I would, of course, accept experimental evidence bearing on this question and I notice that you have a discussion of complexes of bipositive nickel in a section beginning on page 738. I have read this section, without finding reference to any square planar complex of bipositive nickel with magnetic properties incompatible with those expected from the valence-bond theory of complexes.
I conclude that the only basis for your statement that the magnetic criterion is unreliable because a square nickel (II) complex can be paramagnetic is that some complicated theoretical treatment has suggested to you that a hypothetical square nickel (II) complex might be paramagnetic and I object to your having made your statement on this basis, without baring made it clear to the reader.
I doubt that the statements in the last paragraph on page 609 are correct.
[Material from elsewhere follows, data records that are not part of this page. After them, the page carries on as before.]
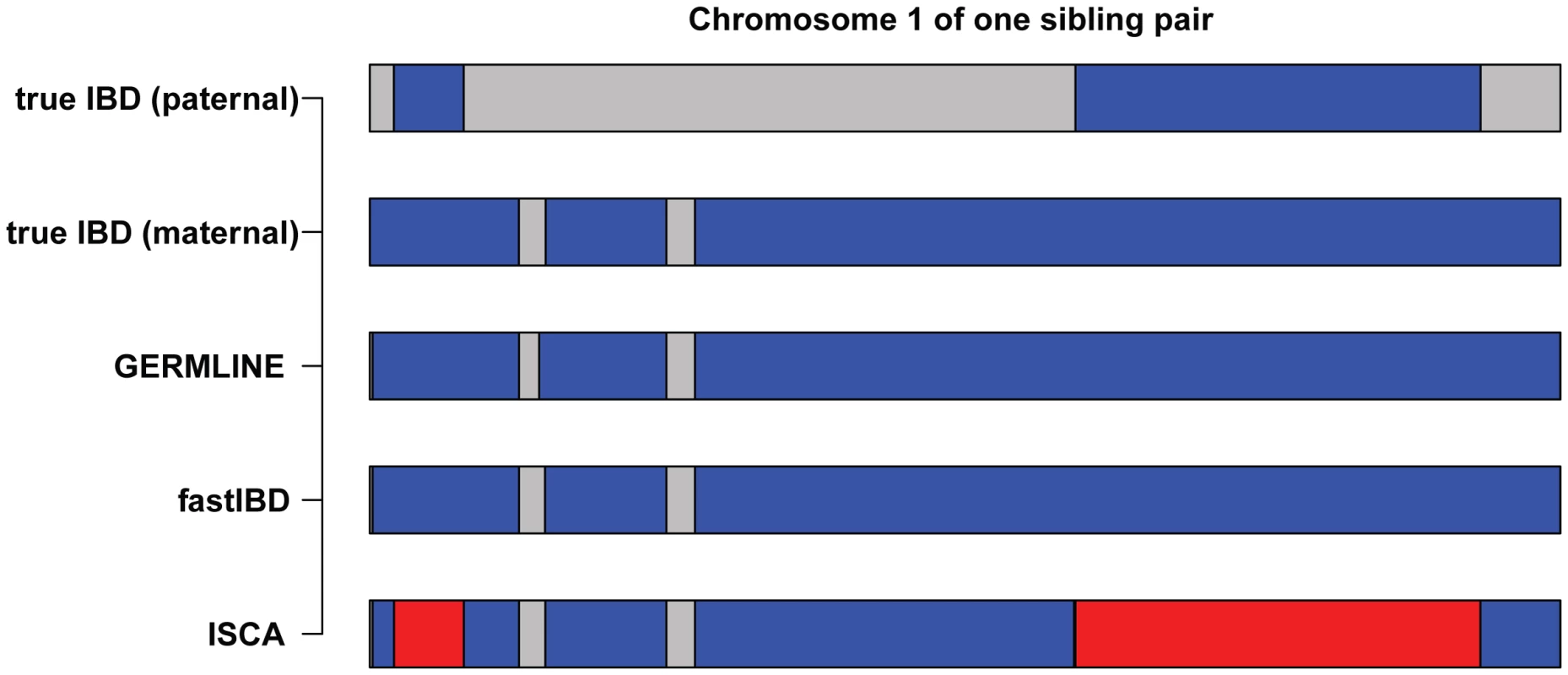 Comparison of IBD inferred by GERMLINE, fastIBD, and ISCA.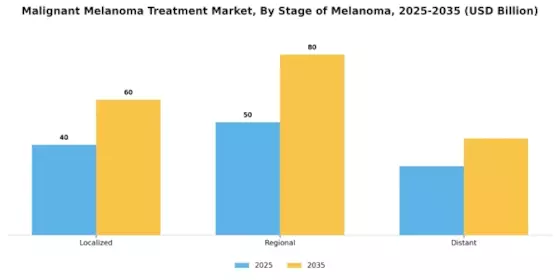 Malignant Melanoma Treatment Market Segment Image 2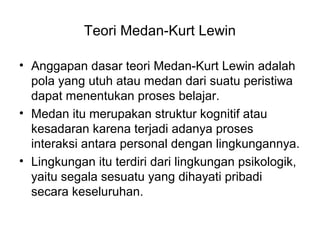 Teori Medan-Kurt Lewin
• Anggapan dasar teori Medan-Kurt Lewin adalah
pola yang utuh atau medan dari suatu peristiwa
dapat menentukan proses belajar.
• Medan itu merupakan struktur kognitif atau
kesadaran karena terjadi adanya proses
interaksi antara personal dengan lingkungannya.
• Lingkungan itu terdiri dari lingkungan psikologik,
yaitu segala sesuatu yang dihayati pribadi
secara keseluruhan.
 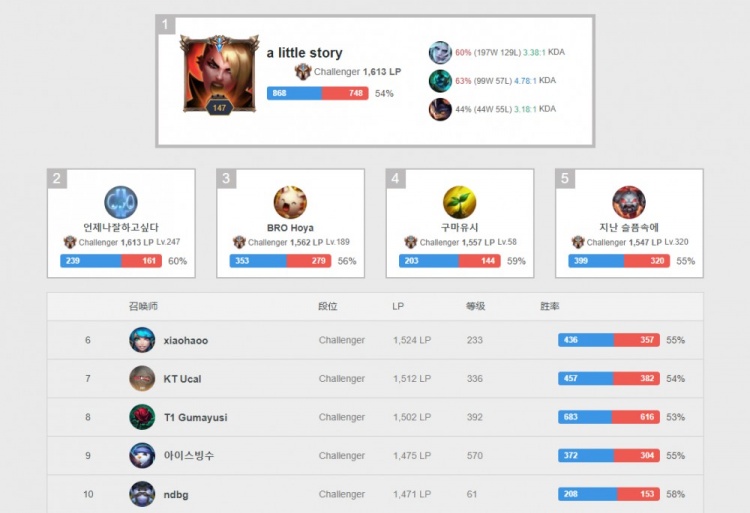 已为球队赢 已为球队赢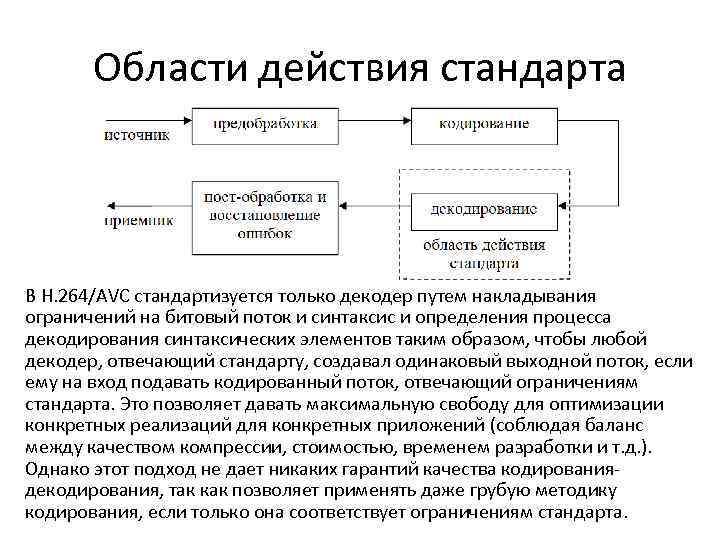 Область действия. Стандарт видеокодирования h.264/AVC. Стандарт на действия. Нормативная документация по декодеру h. 264.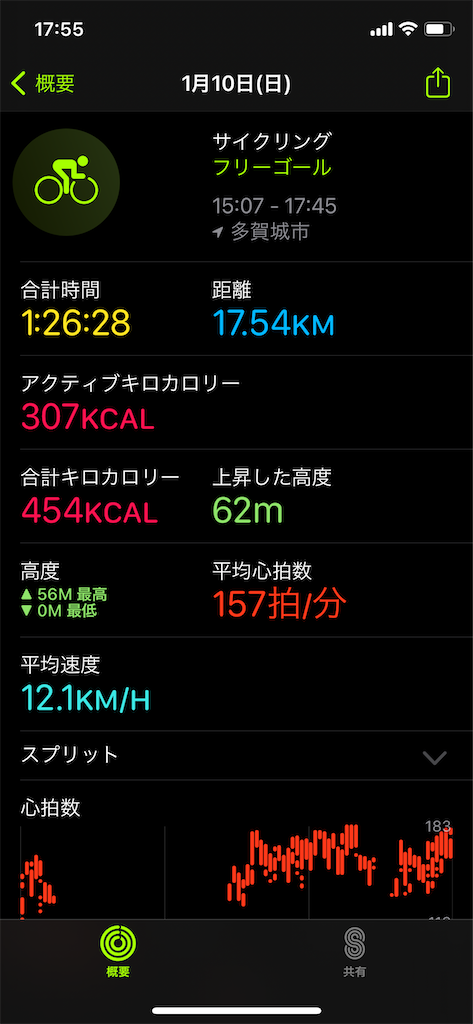 f:id:keikeibass4:20210110232039p:image f:id:keikeibass4:20210110232039p:image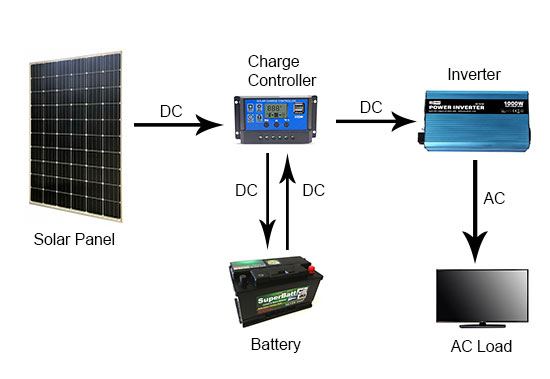 Typical off-grid solar system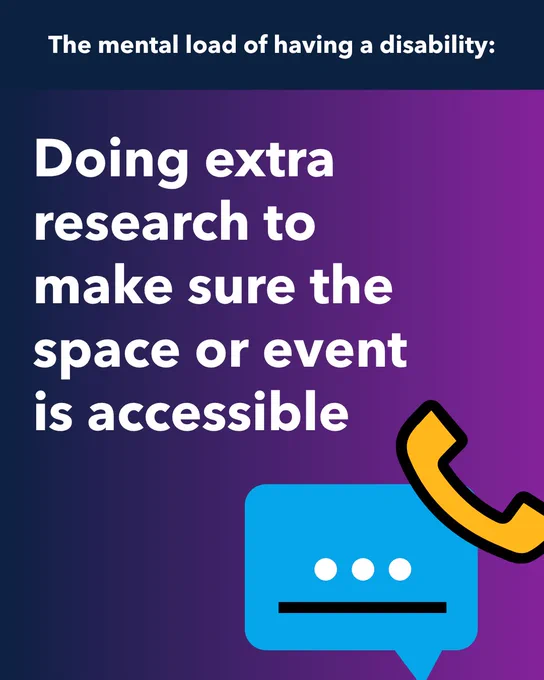 Phone and chat bubble icon. Text: The mental load of having a disability: Doing extra research to make sure the space or event is accessible.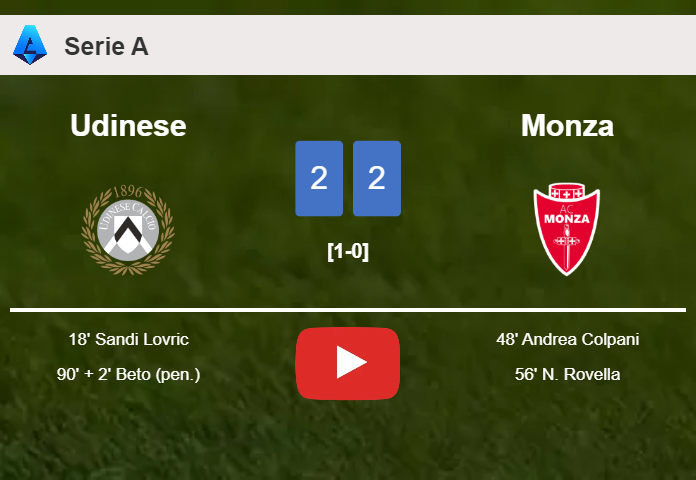 Udinese and Monza draw 2-2 on Saturday. HIGHLIGHTS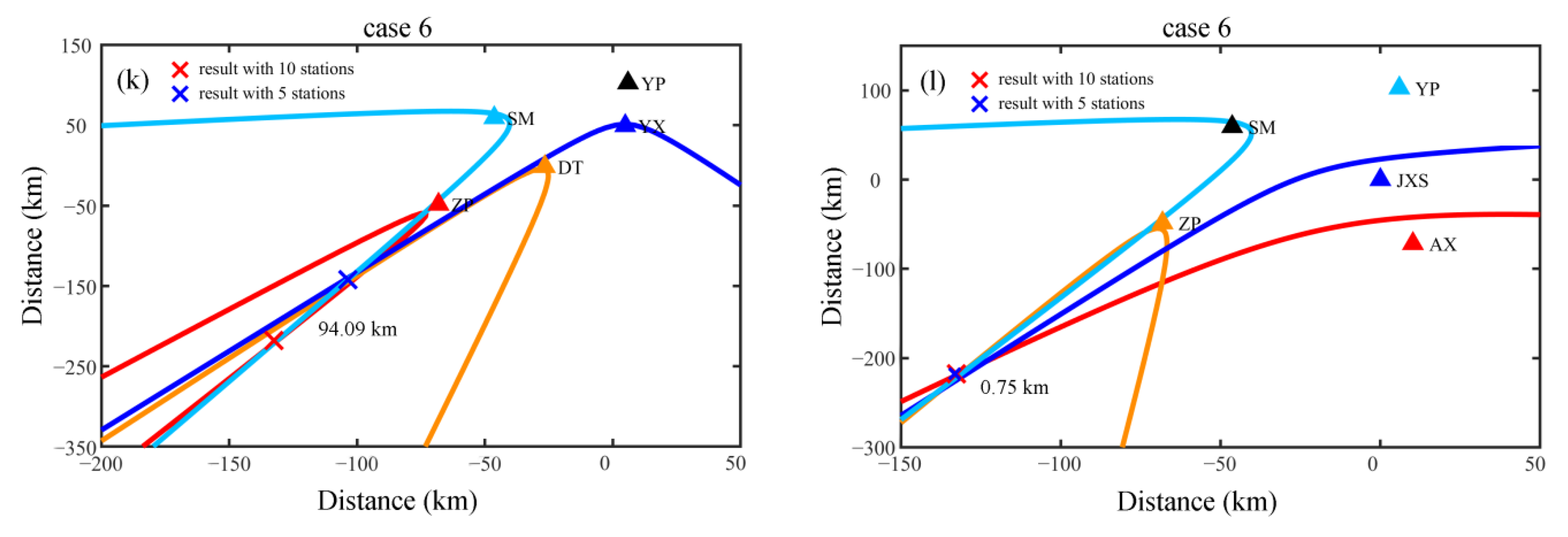 Remotesensing 14 04242 g008c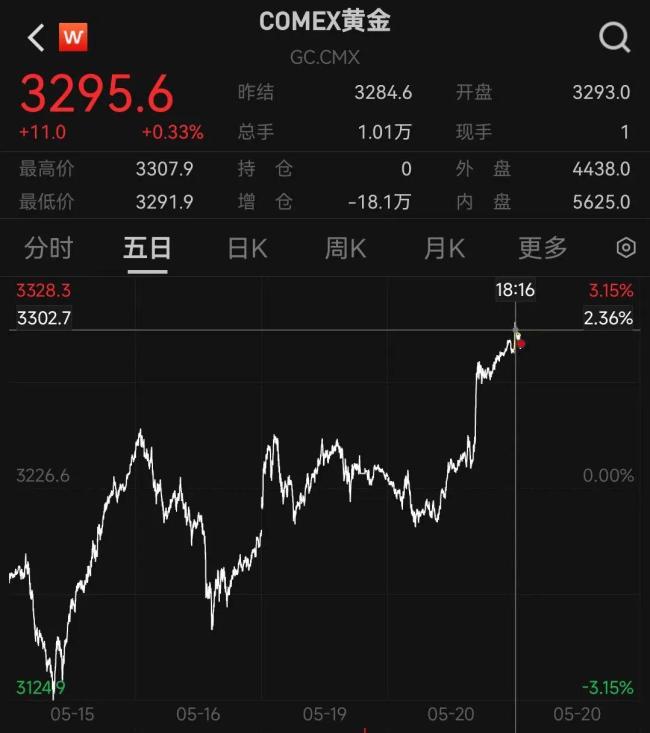 油價大漲,，黃金也突破3300美元,！美情報：以色列可能打擊伊朗核設(shè)施 全球市場震蕩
I have discussed this matter in a paper published in Volume 39, September 1962, of the Journal of Chemical Education.
I enclose a list of some minor errors that I have noticed.
Yours truly,
Linus Pauling:hpg
Encl.
Page 13 The curve is not correctly plotted.
Page 48 Figure upside down
Page 55 I think that the theory of the three-electron bond is
part of valence-bond theory, and that your discussion of the valence-bond theory in relation to molecular oxygen is incorrect.
Page 175 This drawing is extremely poor. The four beryllium atoms can hardly be said to lie at the corners of a regular tetrahedron around the oxygen atom, in this drawing.
Page 199 Many of the hydrogen atoms are indicated in the wrong positions, in the drawings of boranes.